Uygun güzergah saptanırken önemle üzerinde durulması gereken diğer bir yön ise, aleyhine geçit kurulan taşınmaz veya taşınmazların kullanım şekli ve bütünlüğünün bozulmamasıdır. Şayet başka türlü geçit tesisi olanaklı değil ise bunun gerekçesi kararda açıkça gösterilmelidir.
Yararına geçit kurulacak taşınmazın tapuda kayıtlı niteliği ve kullanım amacı nazara alınarak özellikle tarım alanlarında, nihayet bir tarım aracının geçeceği genişlikte (emsaline göre 2,5-3 m.) geçit hakkı tesisine karar vermek gerekir. Bu genişliği aşan bir yol verilecekse, gerekçesi kararda dayanakları ile birlikte gösterilmelidir.

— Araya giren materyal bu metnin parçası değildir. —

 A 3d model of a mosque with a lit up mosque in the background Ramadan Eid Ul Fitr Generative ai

Saptanan geçit nedeniyle yükümlü taşınmaz malikine ödenmesi gereken bedel taşınmazın niteliği gözetilerek uzman bilirkişiler aracılığı ile objektif kıstaslar esas alınarak belirlenmelidir. Bu bedel de hükümden önce depo ettirilmelidir. Hemen belirtmek gerekir ki, bedelin saptanmasından sonra hüküm tarihine kadar taşınmazın değerinde önemli derecede değişim yaratabilecek uzunca bir süre geçmiş veya bedel tespitinden sonra yörede taşınmazın değerini artıracak değişiklikler meydana gelmiş olabilir. Bu gibi durumlarda mülkiyet hakkı kısıtlanan taşınmaz malikinin mağduriyetine neden olmamak ve diğer tarafın hakkın kötüye kullanılması sonucunu doğuracak olası davranışlarını önlemek için hüküm tarihine yakın yeni bir değer tespiti yapılmalıdır.
Kurulan geçit hakkının Türk Medeni Kanununun 748/3 maddesi uyarınca tapu kaydının beyanlar hanesine şerhi de gereklidir.

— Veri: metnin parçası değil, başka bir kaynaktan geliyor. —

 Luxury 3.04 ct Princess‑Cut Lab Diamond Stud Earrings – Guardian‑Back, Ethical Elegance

Geçit hakkı kurulmasına ilişkin davalarda davanın niteliği gereği yargılama giderleri davacı üzerinde bırakılmalıdır.
Bu tür davalarda, taşınmaz leh ve aleyhine geçit kurulması gerekir.

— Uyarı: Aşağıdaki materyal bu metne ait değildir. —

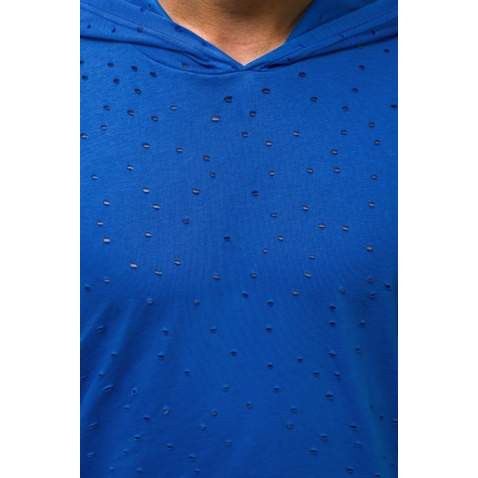 Madmext Blue Rapped T-shirt with Hood for Men 3069 - Sax mavi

Somut olaya gelince; davacıların maliki olduğu 1046, 1047 ve 1048 parsel sayılı taşınmazların genel yola çıkışının bulunmadığı, mutlak geçit ihtiyacı içinde oldukları sabittir. Aleyhine geçit kurulan 1044 parsel sayılı taşınmazın yüz ölçümü 358 m2 olup doğudaki komşu 4012 parsel sayılı taşınmazın yüz ölçümünden daha küçüktür. Mahkemece, 1046, 1047 ve 1048 parsel sayılı taşınmazlar yararına, komşu 4012 parsel sayılı taşınmaz üzerinden
geçit hakkı kurulup kurulamayacağı konusunda bir araştırma yapılmamıştır. Bu sebeple geçit hakkı tesisi davalarındaki fedakarlığın denkleştirilmesi ilkesi de gözetilerek, öncelikle 1047 ve 1046 parsel sayılı taşınmalar üzerinde akdi irtifak kurulduktan sonra komşu 4012 parsel sayılı taşınmaz üzerinden kuzeydeki genel yola ulaşacak şekilde geçit kurulup kurulamayacağı araştırılmalı mümkün ise belirtilen yerden, mümkün olmadığı takdirde bilirkişi tarafından belirlenen tüm alternatifler değerlendirilerek Dairemizin yukarıdaki ilkeleri doğrultusunda en uygun yerden geçit tesisine karar verilmelidir.
Mahkemece, eksik inceleme ile yazılı şekilde hüküm kurulması doğru görülmemiş, bu sebeple kararın bozulması gerekmiştir.
Kabule göre de kesintisizlik ilkesi göz ardı edilerek davacılara ait taşınmazlar lehine kuzeyde ki genel yola bağlantı kurulacak şekilde geçit tesis edilirken davalı ..."a ait 1045 parsel sayılı taşınmaz ile ilgili olarak olumlu ya da olumsuz bir karar verilmemesi de doğru görülmemiştir.
SONUÇ: Yukarıda (1). bentte açıklanan nedenlerle davacıların temyiz itirazlarının reddine, (2). bentte açıklanan nedenlerle davalı ..."ın temyiz itirazlarının kabulü ile hükmün BOZULMASINA, peşin yatırılan harcın istek halinde yatırana iadesine, 20.06.2013 gününde oybirliği ile karar verildi.